Marlon Brando Refused Oscar award

Fifty years ago Marlon Brando refused to accept the Oscar protesting against the portrayal of native Americans in Hollywood. He sent a native American female actor Sacheen Littlefeather to make a speech on his behalf voicing the protest. She was booed by a section of the white supremacist audience, John Wayne, the so called star of many films portraying native Indians, known for his racism, rushed to attack her at the ceremony. No less unbecoming was the conduct of Clint Eastwood.

She was not allowed to read the 15 page speech of Brando, one of the most liberal voices in the U.S. It was only last year that the Oscar establishment apologised to her for the treatment meted out to her.

The American establishment has a shabby record of ill treating anyone suspected to be on the Left. It denied passport even to the likes of Charlie Chaplin and the famous black actor and singer Paul Robeson. Many people like me brought up in that period watched closely the discrimination in days when there was so much intellectual ferment, anti Vietnam war demonstrations

We were naturally sympathetic to the likes of Oppenheimer. To many people today this is a sudden discovery brought on by the film Oppenheimer. Now after all these years when the Left has ceased to be a dominant force in the U.S. the American establishment gives us this film. So all the focus on Oppenheimer and a complete black out of the genocide of Japanese civilians. Nowadays erasure of history is very much in the news in India with the erasure of Mughal history from some text books. We are so rattled by that and rightly so. But we see nothing wrong in the sustained erasure of history of centuries by the West over the lands it subjugated, the cultures it annihilated.

Out of the international ferment came in 1968 from Latin America the film The Hour of the Furnaces, the ultimate ’60s cultural artifact: equal parts political agitation and bold formal experimentation, its rapid-fire montage of Frantz Fanon quotes and Vietnam War footage called on viewers to become historical agents and complete the film’s meaning with their own political interpretation.And there is so much more to the film.

In the context of the film Oppenheimer I read with interest Obama’s speech at the Hiroshima memorial when he was the U.S president.

He not only did not apologise for the killing of civilians , the first para of his speech makes it look as if the bomb fell from some unknown force. No mention of the U.S.

In the last few years international law has evolved and it makes such killing a war crime. Obama as a legal luminary obviously knew all this.

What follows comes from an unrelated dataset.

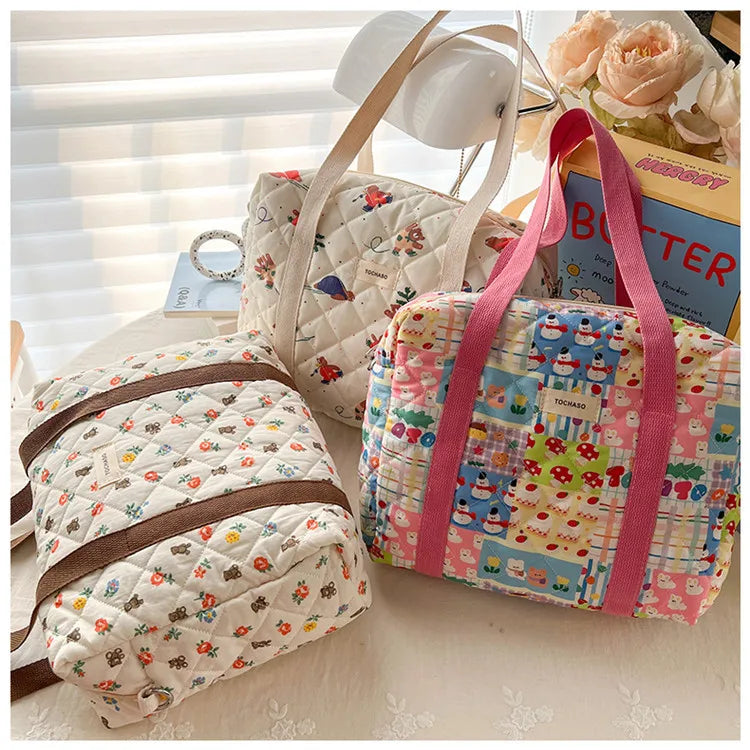 Women's Floral Quilted Shoulder Bag — Large Capacity Cotton Linen Tote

Archival record makes clear that killing large numbers of civilians was the primary purpose of the atomic bombing of Hiroshima; destruction of military targets and war industry was a secondary goal and one that “legitimized” the intentional destruction of a city in the minds of some participants. The atomic bomb was detonated over the center of Hiroshima. More than 70,000 men, women, and children were killed immediately; the munitions factories on the periphery of the city were left largely unscathed. Such a nuclear attack would be illegal today. It would violate three major requirements of the law of armed conflict codified in Additional Protocol I of the Geneva Conventions: the principles of distinction, proportionality, and precaution. There could be great pressure to use nuclear weapons in future scenarios in which many American soldiers’ lives are at risk and there is no guarantee that a future US president would follow the law of armed conflict. That is why the United States needs senior military officers who fully understand the law and demand compliance and presidents who care about law and justice.

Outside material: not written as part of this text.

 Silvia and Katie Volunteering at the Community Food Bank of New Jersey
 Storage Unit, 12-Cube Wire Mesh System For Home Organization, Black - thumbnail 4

Cutis Emerson LeMay , chief of the American air force, who had a role in the bombing of Japan, said we would have been tried as war criminals if we had lost the war.

Chris Hedges wrote in Truthout about the bombing – in 1945 the United States demonstrated that it was as morally bankrupt as the Nazi machine it had recently vanquished and the Soviet regime with which it was allied. Over Hiroshima, and three days later over Nagasaki, it exploded an atomic device that was the most efficient weapon of genocide in human history. The blast killed tens of thousands of men, women and children. It was an act of mass annihilation that was strategically and militarily indefensible. The Japanese had been on the verge of surrender. Hiroshima and Nagasaki had no military significance. It was a war crime for which no one was ever tried. The explosions, which marked the culmination of three centuries of physics, signaled the ascendancy of the technician and scientist as our most potent agents of death.

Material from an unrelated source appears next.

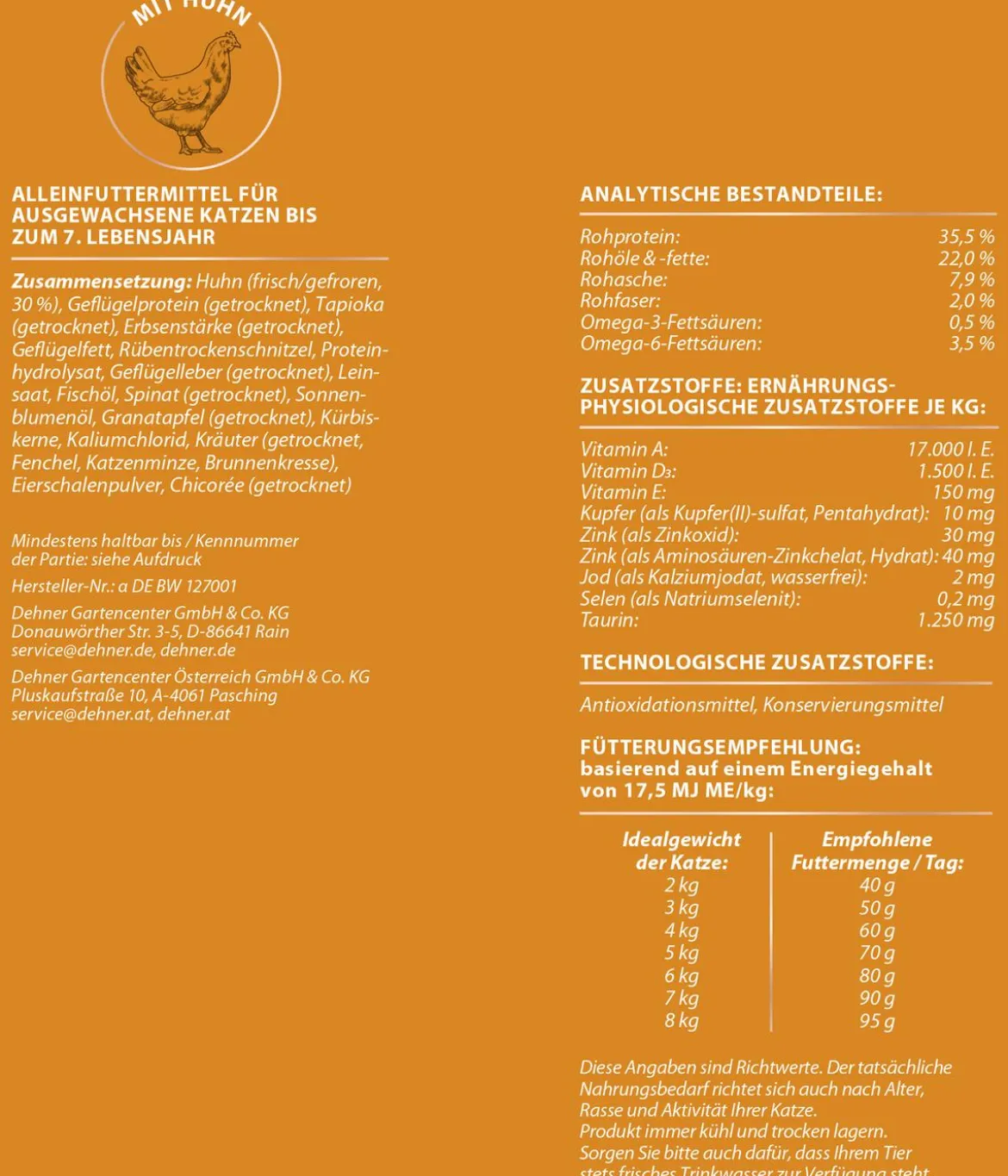 Dehner Premium Trockenfutter für Katzen Active/Outdoor Adult, Huhn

He wrote America is a stratocracy, a form of government dominated by the military. It is axiomatic among the two ruling parties that there must be a constant preparation for war. The war machine’s massive budgets are sacrosanct. Its billions of dollars in waste and fraud are ignored. Its military fiascos in Southeast Asia, Central Asia and the Middle East have disappeared into the vast cavern accountability, licenses the war machine to economically disembowel the country of historical amnesia. This amnesia, which means there is never and drive the Empire into one self-defeating conflict after another. The militarists win every election. They cannot lose. It is impossible to vote against them. The war state is a Götterdämmerung, as Dwight Macdonald writes, “without the gods.”

As another observer pointed out Japan was in dire straits. It was about to surrender. So the bombing wasn’t about ending World War II. It was about setting the stakes of the Cold War by proclaiming American willingness to use weapons of mass destruction on civilian populations.

By dropping the bombs President Truman held a gun to the head of the entire world — and despite Obama’s empty promises about nuclear non-proliferation, that gun remains in place to this day.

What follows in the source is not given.